* _Directions_
Your answer must hold only the lines below from the line containing "SLEVA 180,-Kč Discount" through the line containing "Toyota Rav4, fotka 23", each reproduced exactly.

------ Data supplied ------

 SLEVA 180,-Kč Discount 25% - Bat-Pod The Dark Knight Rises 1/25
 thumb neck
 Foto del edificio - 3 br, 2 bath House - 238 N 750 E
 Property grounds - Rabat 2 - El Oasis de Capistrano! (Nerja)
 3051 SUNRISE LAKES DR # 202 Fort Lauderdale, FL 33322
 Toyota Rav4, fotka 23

------
------ Data supplied ------

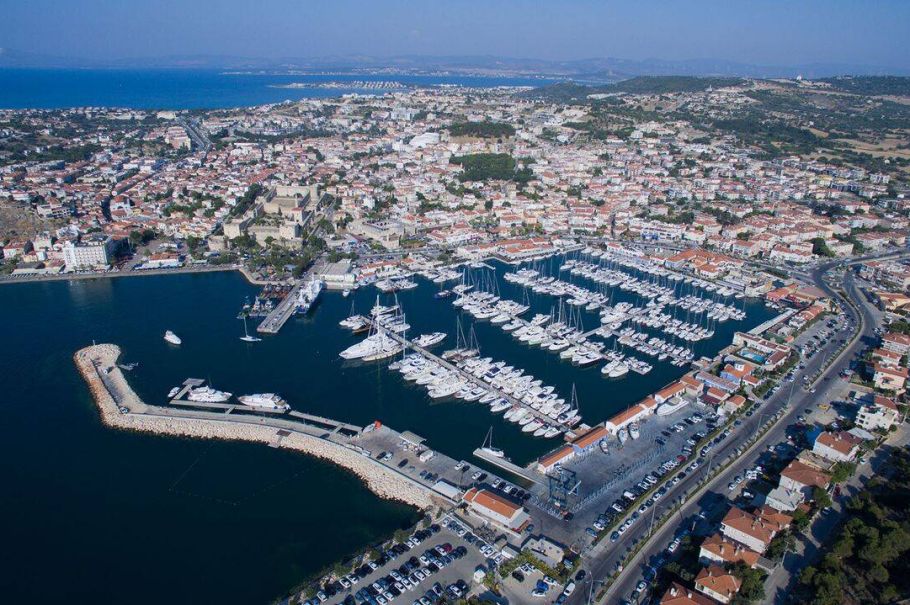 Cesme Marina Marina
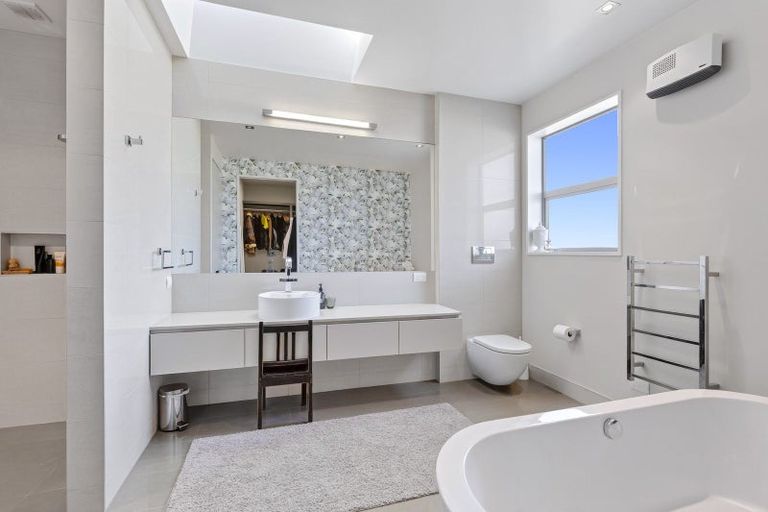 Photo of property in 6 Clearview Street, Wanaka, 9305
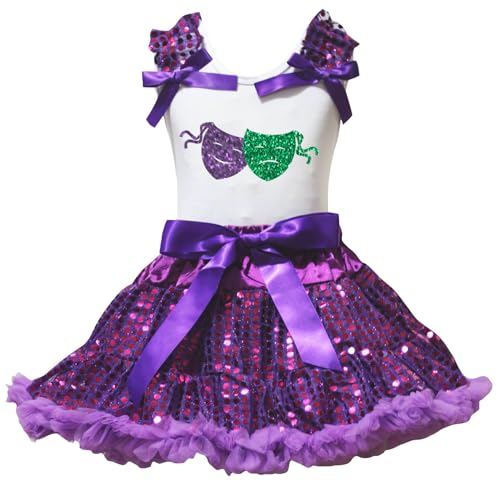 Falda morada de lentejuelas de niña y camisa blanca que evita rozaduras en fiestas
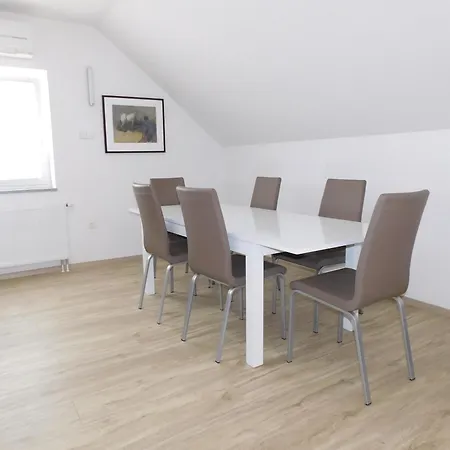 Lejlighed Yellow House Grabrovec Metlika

------

* _Your solution_
 SLEVA 180,-Kč Discount 25% - Bat-Pod The Dark Knight Rises 1/25
 thumb neck
 Foto del edificio - 3 br, 2 bath House - 238 N 750 E
 Property grounds - Rabat 2 - El Oasis de Capistrano! (Nerja)
 3051 SUNRISE LAKES DR # 202 Fort Lauderdale, FL 33322
 Toyota Rav4, fotka 23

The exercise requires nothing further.